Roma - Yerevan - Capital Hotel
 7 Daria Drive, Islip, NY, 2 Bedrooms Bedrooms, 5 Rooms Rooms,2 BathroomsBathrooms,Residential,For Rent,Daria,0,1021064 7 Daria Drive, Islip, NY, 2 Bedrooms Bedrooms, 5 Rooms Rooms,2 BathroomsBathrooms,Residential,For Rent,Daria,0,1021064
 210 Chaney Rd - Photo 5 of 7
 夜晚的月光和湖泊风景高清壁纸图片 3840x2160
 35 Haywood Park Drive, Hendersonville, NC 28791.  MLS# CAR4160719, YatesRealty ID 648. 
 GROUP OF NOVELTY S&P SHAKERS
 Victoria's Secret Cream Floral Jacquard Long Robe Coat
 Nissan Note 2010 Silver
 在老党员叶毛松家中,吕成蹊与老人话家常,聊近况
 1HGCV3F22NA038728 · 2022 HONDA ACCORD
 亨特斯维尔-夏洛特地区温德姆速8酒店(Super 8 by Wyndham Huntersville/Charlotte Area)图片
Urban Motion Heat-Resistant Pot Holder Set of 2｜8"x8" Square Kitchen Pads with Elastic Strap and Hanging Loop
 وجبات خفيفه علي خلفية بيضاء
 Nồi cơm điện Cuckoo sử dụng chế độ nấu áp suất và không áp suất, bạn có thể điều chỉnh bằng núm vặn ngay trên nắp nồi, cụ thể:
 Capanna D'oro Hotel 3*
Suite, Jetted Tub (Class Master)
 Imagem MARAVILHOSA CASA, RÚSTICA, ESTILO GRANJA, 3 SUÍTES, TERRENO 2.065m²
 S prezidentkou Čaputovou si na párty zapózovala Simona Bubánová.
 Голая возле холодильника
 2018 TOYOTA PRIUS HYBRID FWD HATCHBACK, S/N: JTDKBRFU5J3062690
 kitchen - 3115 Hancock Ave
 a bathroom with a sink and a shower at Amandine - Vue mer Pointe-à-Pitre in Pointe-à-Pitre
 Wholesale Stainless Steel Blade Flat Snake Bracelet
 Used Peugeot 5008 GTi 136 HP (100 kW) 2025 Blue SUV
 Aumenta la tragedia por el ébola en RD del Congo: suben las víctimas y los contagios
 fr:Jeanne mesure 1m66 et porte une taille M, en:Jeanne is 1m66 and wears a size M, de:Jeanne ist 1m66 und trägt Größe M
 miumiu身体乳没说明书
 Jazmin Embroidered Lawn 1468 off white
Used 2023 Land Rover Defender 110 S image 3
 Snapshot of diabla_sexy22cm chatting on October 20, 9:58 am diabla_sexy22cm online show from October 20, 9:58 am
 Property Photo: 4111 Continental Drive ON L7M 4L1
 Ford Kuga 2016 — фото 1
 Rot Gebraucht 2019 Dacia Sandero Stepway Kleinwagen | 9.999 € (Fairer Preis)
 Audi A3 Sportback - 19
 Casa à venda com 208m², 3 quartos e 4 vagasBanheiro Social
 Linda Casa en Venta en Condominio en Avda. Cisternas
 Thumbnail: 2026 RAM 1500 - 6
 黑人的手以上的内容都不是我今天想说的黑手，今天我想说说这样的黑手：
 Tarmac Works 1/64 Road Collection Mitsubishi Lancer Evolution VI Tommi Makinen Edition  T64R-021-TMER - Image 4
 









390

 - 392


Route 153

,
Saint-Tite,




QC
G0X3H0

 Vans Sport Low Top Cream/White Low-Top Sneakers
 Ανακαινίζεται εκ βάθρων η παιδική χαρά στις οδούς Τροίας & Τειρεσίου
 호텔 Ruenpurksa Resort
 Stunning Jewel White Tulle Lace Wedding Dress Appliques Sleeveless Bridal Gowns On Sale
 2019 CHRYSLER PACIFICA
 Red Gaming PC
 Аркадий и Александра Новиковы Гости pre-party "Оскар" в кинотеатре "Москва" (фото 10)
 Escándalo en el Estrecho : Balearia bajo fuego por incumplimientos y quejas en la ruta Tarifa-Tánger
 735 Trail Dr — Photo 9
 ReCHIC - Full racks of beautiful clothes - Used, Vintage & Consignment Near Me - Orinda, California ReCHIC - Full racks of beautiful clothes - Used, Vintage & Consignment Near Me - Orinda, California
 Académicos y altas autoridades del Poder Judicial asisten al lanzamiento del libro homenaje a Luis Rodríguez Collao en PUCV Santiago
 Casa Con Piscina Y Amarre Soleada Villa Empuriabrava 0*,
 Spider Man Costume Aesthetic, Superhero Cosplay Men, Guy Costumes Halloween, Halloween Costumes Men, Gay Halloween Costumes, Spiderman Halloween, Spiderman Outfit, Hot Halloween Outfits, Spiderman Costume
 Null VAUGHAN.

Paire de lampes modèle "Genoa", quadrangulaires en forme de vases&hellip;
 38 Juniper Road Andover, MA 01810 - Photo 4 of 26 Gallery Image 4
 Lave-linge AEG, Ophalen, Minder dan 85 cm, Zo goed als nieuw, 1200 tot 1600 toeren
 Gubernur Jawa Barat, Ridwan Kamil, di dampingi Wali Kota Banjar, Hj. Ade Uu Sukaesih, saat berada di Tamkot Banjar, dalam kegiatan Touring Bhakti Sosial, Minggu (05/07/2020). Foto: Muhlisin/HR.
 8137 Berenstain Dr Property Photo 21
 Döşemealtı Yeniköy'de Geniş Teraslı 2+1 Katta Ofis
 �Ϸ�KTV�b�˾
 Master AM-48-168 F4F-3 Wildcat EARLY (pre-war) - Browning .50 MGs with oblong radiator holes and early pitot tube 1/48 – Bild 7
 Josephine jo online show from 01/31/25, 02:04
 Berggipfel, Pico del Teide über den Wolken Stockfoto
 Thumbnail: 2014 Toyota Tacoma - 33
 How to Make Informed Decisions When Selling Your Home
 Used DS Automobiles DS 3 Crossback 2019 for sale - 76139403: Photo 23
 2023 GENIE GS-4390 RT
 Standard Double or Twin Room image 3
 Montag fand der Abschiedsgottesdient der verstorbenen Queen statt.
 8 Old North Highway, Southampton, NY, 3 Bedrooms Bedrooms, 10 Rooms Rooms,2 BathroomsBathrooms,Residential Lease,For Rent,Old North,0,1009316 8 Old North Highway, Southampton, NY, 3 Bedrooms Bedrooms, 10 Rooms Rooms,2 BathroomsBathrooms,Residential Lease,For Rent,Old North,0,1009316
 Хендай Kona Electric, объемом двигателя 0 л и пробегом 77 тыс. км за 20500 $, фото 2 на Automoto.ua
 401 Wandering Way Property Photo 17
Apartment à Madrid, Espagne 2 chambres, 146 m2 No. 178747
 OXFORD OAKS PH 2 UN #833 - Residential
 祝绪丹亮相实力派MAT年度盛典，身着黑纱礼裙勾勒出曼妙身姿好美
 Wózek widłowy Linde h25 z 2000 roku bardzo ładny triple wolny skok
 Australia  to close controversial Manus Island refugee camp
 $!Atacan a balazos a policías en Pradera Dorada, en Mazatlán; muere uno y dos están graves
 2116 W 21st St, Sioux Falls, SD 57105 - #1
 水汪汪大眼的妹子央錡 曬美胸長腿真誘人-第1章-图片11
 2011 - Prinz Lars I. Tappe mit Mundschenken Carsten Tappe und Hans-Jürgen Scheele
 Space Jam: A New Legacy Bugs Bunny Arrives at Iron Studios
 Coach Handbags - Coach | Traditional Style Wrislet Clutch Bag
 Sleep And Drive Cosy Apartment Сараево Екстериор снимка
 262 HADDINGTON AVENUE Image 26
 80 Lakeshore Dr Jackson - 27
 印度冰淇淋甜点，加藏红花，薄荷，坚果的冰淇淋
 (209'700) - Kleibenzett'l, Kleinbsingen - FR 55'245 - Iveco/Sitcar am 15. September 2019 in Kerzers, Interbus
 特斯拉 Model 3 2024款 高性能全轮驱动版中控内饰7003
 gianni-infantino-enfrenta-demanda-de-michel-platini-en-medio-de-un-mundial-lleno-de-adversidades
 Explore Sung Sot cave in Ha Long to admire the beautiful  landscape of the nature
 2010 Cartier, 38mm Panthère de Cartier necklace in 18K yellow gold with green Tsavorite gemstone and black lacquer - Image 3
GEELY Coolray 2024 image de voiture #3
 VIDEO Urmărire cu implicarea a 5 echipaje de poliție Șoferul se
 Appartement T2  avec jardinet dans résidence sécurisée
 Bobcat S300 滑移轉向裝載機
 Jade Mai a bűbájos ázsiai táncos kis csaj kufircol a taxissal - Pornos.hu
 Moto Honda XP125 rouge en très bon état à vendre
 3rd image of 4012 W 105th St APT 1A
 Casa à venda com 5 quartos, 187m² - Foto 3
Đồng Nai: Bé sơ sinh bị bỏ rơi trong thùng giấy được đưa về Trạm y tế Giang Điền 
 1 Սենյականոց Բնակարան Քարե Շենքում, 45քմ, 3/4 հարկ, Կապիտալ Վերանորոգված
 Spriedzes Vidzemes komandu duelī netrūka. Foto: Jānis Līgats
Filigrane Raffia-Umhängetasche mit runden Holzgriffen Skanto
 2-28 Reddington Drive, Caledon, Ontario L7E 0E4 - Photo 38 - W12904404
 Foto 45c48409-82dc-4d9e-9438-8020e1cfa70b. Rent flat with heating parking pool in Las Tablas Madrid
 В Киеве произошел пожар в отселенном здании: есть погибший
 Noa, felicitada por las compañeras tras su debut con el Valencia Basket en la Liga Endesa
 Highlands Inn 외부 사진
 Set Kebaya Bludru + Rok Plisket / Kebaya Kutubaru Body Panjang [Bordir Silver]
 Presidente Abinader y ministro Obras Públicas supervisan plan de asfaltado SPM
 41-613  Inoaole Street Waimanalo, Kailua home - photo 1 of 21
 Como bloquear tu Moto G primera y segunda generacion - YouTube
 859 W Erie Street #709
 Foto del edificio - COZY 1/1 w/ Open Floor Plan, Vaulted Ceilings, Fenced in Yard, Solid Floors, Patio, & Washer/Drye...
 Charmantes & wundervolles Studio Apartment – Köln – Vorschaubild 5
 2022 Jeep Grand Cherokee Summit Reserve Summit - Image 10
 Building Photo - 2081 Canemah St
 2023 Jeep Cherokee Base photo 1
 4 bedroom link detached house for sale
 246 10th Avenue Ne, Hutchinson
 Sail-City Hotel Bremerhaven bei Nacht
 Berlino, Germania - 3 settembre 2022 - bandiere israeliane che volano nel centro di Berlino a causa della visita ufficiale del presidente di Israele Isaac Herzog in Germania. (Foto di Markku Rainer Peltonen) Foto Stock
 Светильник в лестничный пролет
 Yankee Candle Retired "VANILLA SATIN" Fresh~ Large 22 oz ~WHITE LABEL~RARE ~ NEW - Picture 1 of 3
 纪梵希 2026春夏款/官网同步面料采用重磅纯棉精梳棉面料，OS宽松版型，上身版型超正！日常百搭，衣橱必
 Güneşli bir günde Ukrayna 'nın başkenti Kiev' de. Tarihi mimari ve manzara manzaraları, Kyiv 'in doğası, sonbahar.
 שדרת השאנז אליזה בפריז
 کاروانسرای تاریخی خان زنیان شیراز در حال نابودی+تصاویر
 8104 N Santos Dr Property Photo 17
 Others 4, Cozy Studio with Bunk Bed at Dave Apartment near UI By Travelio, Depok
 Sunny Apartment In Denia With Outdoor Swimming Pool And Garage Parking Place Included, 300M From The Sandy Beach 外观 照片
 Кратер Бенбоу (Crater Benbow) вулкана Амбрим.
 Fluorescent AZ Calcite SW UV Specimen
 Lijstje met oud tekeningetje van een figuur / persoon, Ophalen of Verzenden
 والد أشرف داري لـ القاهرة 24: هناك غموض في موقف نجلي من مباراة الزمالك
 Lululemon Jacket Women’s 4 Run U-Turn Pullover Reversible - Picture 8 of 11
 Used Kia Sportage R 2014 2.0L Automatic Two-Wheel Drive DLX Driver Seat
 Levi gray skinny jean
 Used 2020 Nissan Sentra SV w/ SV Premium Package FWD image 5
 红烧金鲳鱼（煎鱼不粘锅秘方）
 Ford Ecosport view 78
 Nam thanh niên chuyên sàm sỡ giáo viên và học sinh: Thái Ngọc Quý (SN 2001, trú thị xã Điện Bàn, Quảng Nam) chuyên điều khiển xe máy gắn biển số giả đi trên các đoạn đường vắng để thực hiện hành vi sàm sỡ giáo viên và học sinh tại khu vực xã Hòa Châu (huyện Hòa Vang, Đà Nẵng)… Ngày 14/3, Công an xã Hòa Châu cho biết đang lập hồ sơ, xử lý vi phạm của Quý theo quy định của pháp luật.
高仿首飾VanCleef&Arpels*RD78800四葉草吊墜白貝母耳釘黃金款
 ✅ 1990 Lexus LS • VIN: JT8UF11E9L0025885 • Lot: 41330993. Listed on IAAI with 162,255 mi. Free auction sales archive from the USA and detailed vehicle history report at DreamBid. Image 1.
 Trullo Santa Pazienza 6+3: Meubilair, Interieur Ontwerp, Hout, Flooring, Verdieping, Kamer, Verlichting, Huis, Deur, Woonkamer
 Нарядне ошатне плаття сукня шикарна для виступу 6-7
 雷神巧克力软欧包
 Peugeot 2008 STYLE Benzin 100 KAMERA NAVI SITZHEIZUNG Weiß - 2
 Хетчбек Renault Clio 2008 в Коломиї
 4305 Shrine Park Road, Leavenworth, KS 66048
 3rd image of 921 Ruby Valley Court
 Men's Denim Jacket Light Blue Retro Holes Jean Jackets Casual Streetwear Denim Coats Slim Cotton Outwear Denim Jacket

◆ **Activity**
From the records, copy out each line that includes the string "Rooms".

◆ **Result for this task**
 7 Daria Drive, Islip, NY, 2 Bedrooms Bedrooms, 5 Rooms Rooms,2 BathroomsBathrooms,Residential,For Rent,Daria,0,1021064 7 Daria Drive, Islip, NY, 2 Bedrooms Bedrooms, 5 Rooms Rooms,2 BathroomsBathrooms,Residential,For Rent,Daria,0,1021064
 8 Old North Highway, Southampton, NY, 3 Bedrooms Bedrooms, 10 Rooms Rooms,2 BathroomsBathrooms,Residential Lease,For Rent,Old North,0,1009316 8 Old North Highway, Southampton, NY, 3 Bedrooms Bedrooms, 10 Rooms Rooms,2 BathroomsBathrooms,Residential Lease,For Rent,Old North,0,1009316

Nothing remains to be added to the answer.